Process of Securitisation

There are a number of participants in Securitisation process, firstly there is an Originator- which is usually a financial firm, or a bank, the assets of the originator such as mortgages, credit card receivables, automobile loans, etc are pooled together to securities for writing off those assets from the Originator's Balance sheet. In second step there is an Issuer- often called as Special Purpose Vehicle (SPV). The SPV is a company or it can be another Bank which is specially set up for the purpose of securitisation. The SPV holds the securities, which are the sole owners of the securitised assets, the SPV issues the notes/bonds to the investors which are backed by the pool of assets, but before the notes/bonds been issued there are several other parties are involved during this process, such as the credit scoring companies, Trustees, Servicer. The rating agency advices the originator on assets, examines the credit quality of the pooled assets, and rates the assets to AAA, or AAB, etc. before the bonds been issued to investors. In some cases the underwriters are involved as well during this process. A servicer in many instances is an originator. The servicer is responsible to collect the interest/instalments on loans/mortgages deriving from the pooled assets and pays it to the Trustees. Servicer entitles for a fee for the timely collection of instalments. Trustees act on behalf of investors and looks onto the performance of the other parties involved in the process, reviews periodic information on the pooled assets and takes any legal action on defaults to protect the investors. The large purchasers of the securities are insurance companies and pension funds. These bonds issued are very much favourable to the investors as they are less risky compared to any other investments. These bonds are protected against the default risk. For e.g. a bond is issued by a mortgage backed security and the property price goes down or the buyer defaults then the bondholders would be at risk unless been insured by the external guarantor, or even if the originator went bankrupt then too the bonds are safe, as the bonds are insured and are low on credit risk.

Originator

(e.g. Bank creates mortgages on Balance Sheet) Sale proceeds (payments)

Asset Pool

SPV

Class "A" Notes

Investors

(life insurance, pension funds)

Note issue

Class "B" Notes Class "C" Notes The above chart demonstrates the process of securitisation in simplest mode. As we can see the originator pools the assets and transfers them to a SPV and then the notes/bonds are sold in the secondary market. The sale proceeds are transferred to the originator and can be reused to create new mortgages. (A. Teesdale, 2003, A. Sayman)

Case Study

To simplify the process of securitisation, we can take one case study of a ABC commercial bank established in the European union. ABC bank is involved in retail and corporate banking sector, and also provides loans to housing consumer sector, special financial services, and investment fund management. The main business of bank is to provide housing finance.
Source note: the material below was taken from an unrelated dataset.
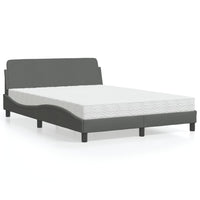 Bett mit Matratze Dunkelgrau 140x190 cm Stoff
ABC bank intends to expand, for which it requires additional finance but bank's liability consist of long term 'B' rated debt which it intends to replace with less expensive process and even wants to free a part of regulatory capital. So it could expand in to BB-rated country. The bank could achieve this by two processes. We will look at the initial position of Bank Balance sheet

ASSET 1000

Housing Loans 605 Securities 245 Cash at hand 30 Interbank Placement 120

LIABILITIES 1000

Retail Deposits 662 Interbank Deposit 68 BB rated Loans 225 Shareholder's Equity 45 The Bank has two option on funding first by taking a collateralised Loan or by Securitisation. Bank wishes to raise Euro 200 million in both the cases. Collateralised Loan: In this the Bank takes a collateralised loan of Euro 200 million whose interest rate is 9.5% which is less expensive then the 'B' rated Bonds. By doing this the Bank's asset side of the Balance sheet remains unchanged. A new liability is shown on the Banks Balance sheet. The net interest income is improved as cost of funding is decreased. The bonds proceeds are replaces by a loan. But this process is not that favourable compared to securitisation. The other method which Bank could take is securitisation. In this process the Bank pools the low risk housing loans together and sells them to XYZ company which is a special purpose vehicle (SPV). The ABC Bank has set up a XYZ SPV to implement the securitisation transaction. To minimise the initial capital and tax burden the SPV is registered in Lichtenstein. The borrowers of the loan continue to pay the loan instalments to the originator i.e., ABC company and ABC company then passes them to the SPV. SPV issues either Bonds/ Notes and sells them to investors in the secondary market. The SPV pays the sale proceedings to the originator. So now the Banks Balance sheet has changed.

ASSETS 1000

Housing Loans 405 Securities 245 Cash at hand 230 Interbank Placement 120

LIABILITIES 1000

Retail Deposits 662 Interbank Deposit 68 BB rated Loans 225 Shareholder's Equity 45 The Balance sheet of XYZ Company appears as;

ASSETS 201

Housing Loan 200 Cash 1

LIABILITIES 201

Securities 200 Equity 1 So from the above procedure we could see Securitisation procedure is favourable as it takes off the long term assets from its Balance sheet and makes quick availability of cash and transfers risk to other parties. There are many more advantages to securitisation which are given below.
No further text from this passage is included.